Making Unequal Distributions

You might feel that your youngest daughter is a better child than your oldest son, but likely your oldest son doesn’t feel that way. Be very deliberate if you are going to leave unequal bequests. Discuss this with your professional advisers as it can be a very delicate matter. Consult with a mental health expert to also evaluate options for how to handle the disparity and attendant issues. Mishandling this can result in war between your heirs. That should be avoided. Sometimes there are simple ways to address a desire, or even need (e.g., a child with greater needs as discussed above), to have a disparate distributions. Some families have open discussions as to the reasons a particular child may need more and everyone is on board. Likely, those open and frank discussions may avoid later conflict. But sometimes any preparatory measures may be to little or no avail. There may be ways to accomplish the same objectives with less afront. For example, parents believe that they would like to bequeath $1 million extra to their oldest daughter because their younger son married a very wealthy spouse and himself has been very successful financially. They worry, however, that their sense of “fairness” will never be shared by their son. So instead of having a will leaving a disparate distribution, they purchase a $1 million life insurance policy on their lives (or one of their lives) which they have their son own (or a trust for his benefit). They pay the premiums each year. While their daughter might figure out that there has been a disparate distribution, this approach is certain less “in the face of” their daughter. In fact, the will can now bequeath the estate equally to the two children. Sometimes, a little creativity can lessen the risks of later disputes.

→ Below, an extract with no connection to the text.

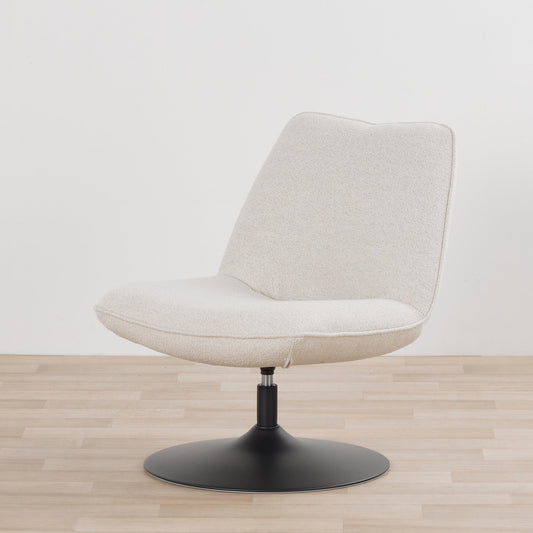 Fauteuil Walter Lounge - Crème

Not Updating Accounts and Beneficiary Designations

Another easy way to wreak havoc with your plan and create issues with your heirs is failing to keep account ownership and beneficiary designations both current and coordinated. A common problem created about this seems so obvious that it should not happen, but it does. Mom has two children and names her oldest as the beneficiary of one brokerage account, and her youngest the beneficiary of her second brokerage account. The account balances are equal. Mom pays for her living expenses out of the first account whose balance declines while the second brokerage account grows in value. Unintentionally the youngest child gets an increasingly large share of her estate as time goes on. This is simply poor planning. This might happen from a misplaced priority on avoiding probate. Using joint accounts or pay on death accounts can avoid probate. But it also can lead to unintended dispositive results. For younger parents that try these simple approaches to avoiding probate, what happens if they have two children listed on various accounts or IRA beneficiary designations, but then they have a third children and don’t get around to updating account titles or beneficiary designations.

A key point from the above examples is to illustrate that it is not only your will that is important to minimize estate disputes or angst amongst beneficiaries. You need to consider all of your assets and how they are owned and what is contained in beneficiary designation forms.